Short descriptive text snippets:

+++++

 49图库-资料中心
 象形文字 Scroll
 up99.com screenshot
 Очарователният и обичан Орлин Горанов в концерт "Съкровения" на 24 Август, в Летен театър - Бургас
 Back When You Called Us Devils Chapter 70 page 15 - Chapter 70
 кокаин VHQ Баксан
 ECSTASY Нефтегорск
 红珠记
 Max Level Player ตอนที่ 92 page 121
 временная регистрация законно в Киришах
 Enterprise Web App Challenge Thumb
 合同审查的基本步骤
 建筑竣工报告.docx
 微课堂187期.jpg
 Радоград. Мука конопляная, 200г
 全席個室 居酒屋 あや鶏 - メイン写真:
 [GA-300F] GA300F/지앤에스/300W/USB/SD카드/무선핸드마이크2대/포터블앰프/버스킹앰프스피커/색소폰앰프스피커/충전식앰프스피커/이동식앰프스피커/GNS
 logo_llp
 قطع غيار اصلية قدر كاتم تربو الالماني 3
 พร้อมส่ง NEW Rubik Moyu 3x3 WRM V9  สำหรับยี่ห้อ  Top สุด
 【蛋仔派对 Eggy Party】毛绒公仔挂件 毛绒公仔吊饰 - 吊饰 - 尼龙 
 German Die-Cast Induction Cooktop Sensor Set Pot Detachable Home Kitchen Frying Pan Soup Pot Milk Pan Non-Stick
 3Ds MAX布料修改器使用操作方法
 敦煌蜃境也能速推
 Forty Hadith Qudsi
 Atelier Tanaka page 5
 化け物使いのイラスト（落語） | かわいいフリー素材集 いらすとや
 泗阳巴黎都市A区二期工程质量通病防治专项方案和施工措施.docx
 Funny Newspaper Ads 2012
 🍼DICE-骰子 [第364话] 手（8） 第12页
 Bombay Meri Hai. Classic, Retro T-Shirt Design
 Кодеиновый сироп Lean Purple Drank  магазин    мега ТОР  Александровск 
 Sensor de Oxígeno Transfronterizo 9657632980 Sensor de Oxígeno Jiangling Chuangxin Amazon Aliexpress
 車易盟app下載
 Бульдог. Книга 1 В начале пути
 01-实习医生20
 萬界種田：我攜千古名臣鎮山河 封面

+++++

Working from the records above, write out verbatim only the lines from the line containing "Max Level Player ตอนที่ 92 page 121" through the line containing "พร้อมส่ง NEW Rubik".

 Max Level Player ตอนที่ 92 page 121
 временная регистрация законно в Киришах
 Enterprise Web App Challenge Thumb
 合同审查的基本步骤
 建筑竣工报告.docx
 微课堂187期.jpg
 Радоград. Мука конопляная, 200г
 全席個室 居酒屋 あや鶏 - メイン写真:
 [GA-300F] GA300F/지앤에스/300W/USB/SD카드/무선핸드마이크2대/포터블앰프/버스킹앰프스피커/색소폰앰프스피커/충전식앰프스피커/이동식앰프스피커/GNS
 logo_llp
 قطع غيار اصلية قدر كاتم تربو الالماني 3
 พร้อมส่ง NEW Rubik Moyu 3x3 WRM V9  สำหรับยี่ห้อ  Top สุด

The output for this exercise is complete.